2  Environments as Code

TODO: add note on shared vs user vs project space

I like to think of doing data science much like producing a delicious meal. In my data, I have the raw ingredients I’ll slice, dice, and recombine to make something great, and my code is the recipe I’ll follow to get there.1

Novice cooks generally think that their prep is done once they’ve gathered their ingredients and recipes. They’ll grab a tomato and chop/smush it with whatever dull butter knife happens to be at hand. But that’s not how the pros think. A pro probably has a knife just for tomatoes and they frequently – perhaps every time they use it – hone it to razor sharpness so they can slice paper-thin slices off even the mushiest tomato.

Regardless of your proficiency in the kitchen, you’re a pro (or aiming to be one) at data science. In this chapter, we’re going to talk about the data science equivalent of prepping your knives in your kitchen – actively managing your data science environments using code.

Kitchen metaphors aside, your data science environment is the stack of software and hardware below the level of your code, from the R and Python packages you’re using right down to the physical hardware your code runs on.

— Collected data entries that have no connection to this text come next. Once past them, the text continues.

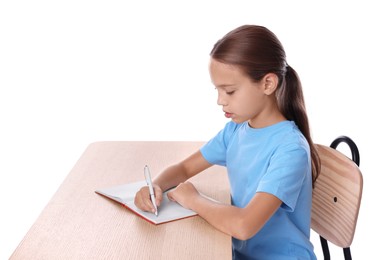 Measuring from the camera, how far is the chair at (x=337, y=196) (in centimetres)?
161

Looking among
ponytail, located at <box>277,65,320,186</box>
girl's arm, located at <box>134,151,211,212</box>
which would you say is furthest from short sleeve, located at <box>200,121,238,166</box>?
ponytail, located at <box>277,65,320,186</box>

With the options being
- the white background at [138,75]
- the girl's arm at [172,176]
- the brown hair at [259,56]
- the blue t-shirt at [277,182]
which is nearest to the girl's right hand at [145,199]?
the girl's arm at [172,176]

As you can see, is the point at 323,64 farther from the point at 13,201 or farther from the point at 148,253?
the point at 148,253

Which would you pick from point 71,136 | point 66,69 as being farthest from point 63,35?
point 71,136

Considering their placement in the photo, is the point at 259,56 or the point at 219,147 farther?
the point at 219,147

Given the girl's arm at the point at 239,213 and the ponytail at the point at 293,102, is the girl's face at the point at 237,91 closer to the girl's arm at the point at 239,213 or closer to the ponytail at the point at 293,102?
the ponytail at the point at 293,102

Most data scientists are like novice cooks, and think little – or not at all – about the readiness of their environment and the sharpness of their tools. One of the primary results of this is the oft-spoken, and dreaded phrase, “well, it works on my machine” after attempting to share code with a colleague or deploy an app into a different environment.

Some people who read this will just throw up their hands and say, “well, it’s impossible to make things completely reproducible, so I’m not going to bother”. And they’re right about the first part. Trying to craft an environment that’s completely reproducible is somewhat of a fool’s errand.

There’s a tradeoff. Making things more reproducible generally takes more work – in a way that’s frustratingly asymptotic.

Some industries are highly regulated and need to be able to guarantee that they can reproduce an analysis exactly – down to the layer of machine instructions – a decade later. In this world, the general reproducibility practice for an analysis is to take a physical piece of hardware that they know runs the analysis, make a backup or two, and just keep that physical piece of hardware running for many years.

But you don’t have to go all the way there. Making things 100% reproducible is really, really hard. But making things a little more reproducible is really quite easy.

The first step towards making environments more reproducible is to start to create Environments as Code. In the DevOps world, the aim is to create environments that are largely “stateless” – functionally identical copies of any environment can be created and destroyed at whim using code.

The glib-but-useful shorthand for the idea of Infrastucture or Environments as code is that they should be “cattle, not pets” – interchangeable one for the other.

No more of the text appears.